Sekalipun sejak kecil kebiasaan bercerita sudah ditanamkan, sebagaimana yang dilakukan ibunya
kepadanya, ternyata Dini tidak ingin jadi tukang cerita. la malah bercita-cita jadi supir lokomotif
atau masinis. Tapi ia tak kesampaian mewujudkan obsesinya itu hanya karena tidak menemukan
sekolah bagi calon masinis kereta api.
Kalau pada akhirnya ia menjadi penulis, itu karena ia memang suka cerita, suka membaca dan
kadang-kadang ingin tahu kemampuannya. Misalnya sehabis membaca sebuah karya, biasanya
dia berpikir jika hanya begini saya pun mampu membuatnya. Dan dalam kenyataannya ia
memang mampu dengan dukungan teknik menulis yang dikuasainya.
Dini ditinggal wafat ayahnya semasih duduk di bangku SMP, sedangkan ibunya hidup tanpa
penghasilan tetap. Mungkin karena itu, ia jadi suka melamun. “Barangkali renungan dan
khayalan itu yang membentuk perkembangan saya,” kata Dini.
Bakatnya menulis fiksi semakin terasah di sekolah menengah. Waktu itu, ia sudah mengisi
majalah dinding sekolah dengan sajak dan cerita pendek. Dini menulis sajak dan prosa berirama
dan membacakannya sendiri di RRI Semarang ketika usianya 15 tahun. Sejak itu ia rajin
mengirim sajak-sajak ke siaran nasional di RRI Jakarta dalam acara Tunas Mekar.

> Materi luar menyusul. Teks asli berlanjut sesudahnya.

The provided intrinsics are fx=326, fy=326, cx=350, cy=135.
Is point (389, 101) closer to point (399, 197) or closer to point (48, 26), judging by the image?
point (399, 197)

Bukti keseriusannya dalam bidang yang ia geluti tampak dari pilihannya, masuk jurusan sastra
ketika menginjak bangku SMA di Semarang. Ia mulai mengirimkan cerita-cerita pendeknya ke
berbagai majalah. Ia bergabung dengan kakaknya, Teguh Asmar, dalam kelompok sandiwara
radio bernama Kuncup Berseri. Sesekali ia menulis naskah sendiri. Dini benar-benar remaja yang
sibuk. Selain menjadi redaksi budaya pada majalah remaja Gelora Muda, ia membentuk
kelompok sandiwara di sekolah, yang diberi nama Pura Bhakti. Langkahnya semakin mantap
ketika ia memenangi lomba penulisan naskah sandiwara radio se-Jawa Tengah. Setelah di SMA
Semarang, ia pun menyelenggarakan sandiwara radio Kuncup Seri di Radio Republik Indonesia
(RRI) Semarang. Bakatnya sebagai tukang cerita terus dipupuk.
Pada 1956, sambil bekerja di Garuda Indonesia Airways (GIA) di Bandara Kemayoran, Dini
menerbitkan kumpulan cerita pendeknya, Dua Dunia. Sejak itu, karyanya terus mengalir. Hingga
kini, buku-bukunya mudah dijumpai di toko-toko buku. Beberapa karyanya yang menjadi
percakapan luas adalah Pada Sebuah Kapal (1972), La Barka (1975), Namaku Hiroko (1977),
Orang-orang Tran (1983), Pertemuan Dua Hati (1986), Hati yang Damai (1998), Dari
Parangakik ke Kampuchea (2003). Belum termasuk di dalamnya karya-karyanya dalam bentuk
kumpulan cerpen, novelet, atau cerita kenangan.
Sejumlah bukunya bahkan mengalami cetak ulang sampai beberapa kali - hal yang sulit dicapai
oleh kebanyakan buku sastra. Buku lain yang tenar karya Dini adalah Namaku Hiroko dan
Keberangkatan. la juga menerbitkan serial kenangan, sementara cerpen dan tulisan lain juga terus
mengalir dari tangannya. Walau dalam keadaan sakit sekalipun, ia terus berkarya.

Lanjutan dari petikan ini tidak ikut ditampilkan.